* _DATA SEGMENT_:
-- Opening Marker --

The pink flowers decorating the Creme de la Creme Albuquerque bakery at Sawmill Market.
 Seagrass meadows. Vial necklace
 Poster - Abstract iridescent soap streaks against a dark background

-- Closing Marker --

* _TASK PROMPT_: Retype exactly, and only, the lines from the line holding "Seagrass meadows. Vial necklace" through the last line of the data; both of those lines count.

* _EXERCISE RESULT_:
 Seagrass meadows. Vial necklace
 Poster - Abstract iridescent soap streaks against a dark background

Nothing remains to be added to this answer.